Born Cora Walton on a sharecropper’s farm just outside Memphis, TN, on September 28, 1928, Koko, nicknamed for her love of chocolate, fell in love with music at an early age. Inspired by gospel music and WDIA blues disc jockeys B.B. King and Rufus Thomas, Taylor began belting the blues with her five brothers and sisters, accompanying themselves on their homemade instruments. In 1952, Taylor and her soon-to-be-husband, the late Robert "Pops" Taylor, traveled to Chicago with nothing but, in Koko’s words, "thirty-five cents and a box of Ritz Crackers."

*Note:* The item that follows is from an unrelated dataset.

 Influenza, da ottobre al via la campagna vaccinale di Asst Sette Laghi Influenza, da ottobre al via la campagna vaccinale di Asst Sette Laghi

In Chicago, "Pops" worked for a packing company, and Koko cleaned houses. Together they frequented the city’s blues clubs nightly. Encouraged by her husband, Koko began to sit in with the city’s top blues bands, and soon she was in demand as a guest artist. One evening in 1962 Koko was approached by arranger/composer Willie Dixon. Overwhelmed by Koko’s performance, Dixon landed Koko a Chess Records recording contract, where he produced her several singles, two albums and penned her million-selling 1965 hit "Wang Dang Doodle," which would become Taylor’s signature song.
After Chess Records was sold, Taylor found a home with the Chicago’s Alligator Records in 1975 and released the Grammy-nominated I Got What It Takes. She recorded eight more albums for Alligator between 1978 and 2007, received seven more Grammy nominations and made numerous guest appearances on various albums and tribute recordings. Koko appeared in the films Wild at Heart, Mercury Rising and Blues Brothers 2000. She performed on Late Night With David Letterman, Late Night With Conan O’Brien, CBS-TV’s This Morning, National Public Radio’s All Things Considered, CBS-TV’s Early Edition, and numerous regional television programs.
Over the course of her 40-plus-year career, Taylor received every award the blues world has to offer. On March 3, 1993, Chicago Mayor Richard M. Daley honored Taylor with a "Legend of the Year" Award and declared "Koko Taylor Day" throughout Chicago. In 1997, she was inducted into the Blues Foundation’s Hall of Fame. A year later, Chicago Magazine named her "Chicagoan of the Year" and, in 1999, Taylor received the Blues Foundation’s Lifetime Achievement Award. In 2009 Taylor performed in Washington, D.C. at The Kennedy Center Honors honoring Morgan Freeman.
Koko Taylor was one of very few women who found success in the male-dominated blues world. She took her music from the tiny clubs of Chicago’s South Side to concert halls and major festivals all over the world. She shared stages with every major blues star, including Muddy Waters, Howlin’ Wolf, B.B. King, Junior Wells and Buddy Guy as well as rock icons Robert Plant and Jimmy Page.
Taylor’s final performance was on May 7, 2009 in Memphis at the Blues Music Awards, where she sang "Wang Dang Doodle" after receiving her award for Traditional Blues Female Artist Of The Year.